Durch die sich ständig bewegenden und nach neuen Futterplätzen suchenden Herden, war man dann irgendwann unerwartet auf den einladenden Bergwiesen der Schulerau angekommen. Jedenfalls betrachteten die Neustädter Hirten seit jeher diese Wiesen der Schulerau als zur Ortschaft „Cristian“ und somit ihnen gehörig. Einige Forscher ordnen die rumänische Bezeichnung des Schuler-Gebirges, „Cristianul Mare“ (bei den Siebenbürger Sachsen nie im Gebrauch), diesem Umstand zu. (Siehe G. Nussbächer: „Das alte Neustadt im Burzenland“, in „Aus Urkunden und Chroniken“, S.80. Kriterion Verlag Bukarest, 1985.)

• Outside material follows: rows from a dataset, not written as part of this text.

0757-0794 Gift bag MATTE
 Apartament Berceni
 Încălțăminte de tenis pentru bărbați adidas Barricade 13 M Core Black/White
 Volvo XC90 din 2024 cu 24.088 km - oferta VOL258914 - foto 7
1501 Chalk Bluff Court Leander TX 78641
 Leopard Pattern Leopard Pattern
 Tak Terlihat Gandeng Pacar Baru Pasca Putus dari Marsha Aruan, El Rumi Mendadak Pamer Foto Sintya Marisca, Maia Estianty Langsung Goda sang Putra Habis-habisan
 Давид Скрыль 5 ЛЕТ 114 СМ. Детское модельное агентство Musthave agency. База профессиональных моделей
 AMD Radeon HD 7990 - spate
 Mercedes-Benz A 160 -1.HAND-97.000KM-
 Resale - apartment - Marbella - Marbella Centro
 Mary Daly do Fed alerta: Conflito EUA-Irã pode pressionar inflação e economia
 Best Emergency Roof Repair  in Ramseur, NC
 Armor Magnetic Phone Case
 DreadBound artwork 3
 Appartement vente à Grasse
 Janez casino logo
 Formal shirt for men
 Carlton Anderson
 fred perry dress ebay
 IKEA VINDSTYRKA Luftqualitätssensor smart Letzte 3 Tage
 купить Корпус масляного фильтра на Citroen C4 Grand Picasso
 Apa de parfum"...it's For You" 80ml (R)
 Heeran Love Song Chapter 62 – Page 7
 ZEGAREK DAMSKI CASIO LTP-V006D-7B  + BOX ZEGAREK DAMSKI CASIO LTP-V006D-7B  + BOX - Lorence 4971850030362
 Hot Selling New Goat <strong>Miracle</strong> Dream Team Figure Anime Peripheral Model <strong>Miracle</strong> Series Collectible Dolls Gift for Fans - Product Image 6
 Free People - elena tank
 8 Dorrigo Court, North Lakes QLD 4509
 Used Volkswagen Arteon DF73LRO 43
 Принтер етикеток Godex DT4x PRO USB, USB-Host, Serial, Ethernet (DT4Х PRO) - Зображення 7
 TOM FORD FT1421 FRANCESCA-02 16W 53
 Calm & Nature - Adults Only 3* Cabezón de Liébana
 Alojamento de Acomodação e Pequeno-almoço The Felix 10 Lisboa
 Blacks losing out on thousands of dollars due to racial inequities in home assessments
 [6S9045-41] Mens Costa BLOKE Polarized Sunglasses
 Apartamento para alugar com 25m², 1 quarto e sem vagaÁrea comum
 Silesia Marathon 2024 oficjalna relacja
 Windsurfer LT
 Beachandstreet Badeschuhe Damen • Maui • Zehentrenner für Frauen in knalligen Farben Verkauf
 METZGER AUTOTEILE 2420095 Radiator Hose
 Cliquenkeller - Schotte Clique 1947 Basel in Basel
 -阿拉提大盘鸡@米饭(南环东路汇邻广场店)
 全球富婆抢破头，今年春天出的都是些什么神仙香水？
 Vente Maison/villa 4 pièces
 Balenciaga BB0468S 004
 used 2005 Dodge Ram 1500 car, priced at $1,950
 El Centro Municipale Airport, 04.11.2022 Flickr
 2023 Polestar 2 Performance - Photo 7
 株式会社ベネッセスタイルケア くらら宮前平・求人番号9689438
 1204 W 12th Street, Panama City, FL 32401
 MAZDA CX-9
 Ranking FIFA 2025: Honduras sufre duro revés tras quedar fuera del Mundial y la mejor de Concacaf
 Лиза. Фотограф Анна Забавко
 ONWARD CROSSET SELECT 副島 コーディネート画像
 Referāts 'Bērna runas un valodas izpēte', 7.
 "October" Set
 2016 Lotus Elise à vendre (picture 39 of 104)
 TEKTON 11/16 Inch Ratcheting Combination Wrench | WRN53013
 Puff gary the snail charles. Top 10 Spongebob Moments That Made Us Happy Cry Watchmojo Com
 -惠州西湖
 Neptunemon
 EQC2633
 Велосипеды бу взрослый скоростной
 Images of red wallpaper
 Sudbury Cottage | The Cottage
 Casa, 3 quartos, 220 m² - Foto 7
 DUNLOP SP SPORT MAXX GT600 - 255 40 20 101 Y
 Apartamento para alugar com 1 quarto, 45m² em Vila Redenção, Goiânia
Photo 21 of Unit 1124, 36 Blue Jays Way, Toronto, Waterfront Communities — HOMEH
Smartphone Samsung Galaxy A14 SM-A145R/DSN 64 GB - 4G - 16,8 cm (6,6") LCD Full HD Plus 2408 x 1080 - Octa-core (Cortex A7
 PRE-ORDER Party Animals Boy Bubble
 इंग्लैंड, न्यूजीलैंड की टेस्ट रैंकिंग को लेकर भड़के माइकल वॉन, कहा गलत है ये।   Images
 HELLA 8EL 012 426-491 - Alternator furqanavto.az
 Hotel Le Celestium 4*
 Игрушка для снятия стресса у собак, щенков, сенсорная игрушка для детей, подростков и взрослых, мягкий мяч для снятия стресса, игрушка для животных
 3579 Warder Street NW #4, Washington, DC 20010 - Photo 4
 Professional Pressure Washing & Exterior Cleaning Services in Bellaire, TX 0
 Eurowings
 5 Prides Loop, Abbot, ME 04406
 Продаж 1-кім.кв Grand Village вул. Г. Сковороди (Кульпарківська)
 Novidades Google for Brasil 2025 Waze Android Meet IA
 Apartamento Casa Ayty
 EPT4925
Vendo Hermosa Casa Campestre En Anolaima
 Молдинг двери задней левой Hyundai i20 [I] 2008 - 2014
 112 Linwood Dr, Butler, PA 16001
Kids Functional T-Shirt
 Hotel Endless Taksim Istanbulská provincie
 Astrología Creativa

Ähnliches spielte sich dann einige Jahrzehnte später, zu Beginn des 15. Jahrhunderts, auch in dem engen oberen Kronstädter Tal ab. Hier siedelte vorrangig die rumänische Bevölkerung, die sich seit 1383 (dem Beginn des Baues der großen Kirche in Corona) durch Zuzug und natürliche demografische Entwicklung stark vermehrt hatte.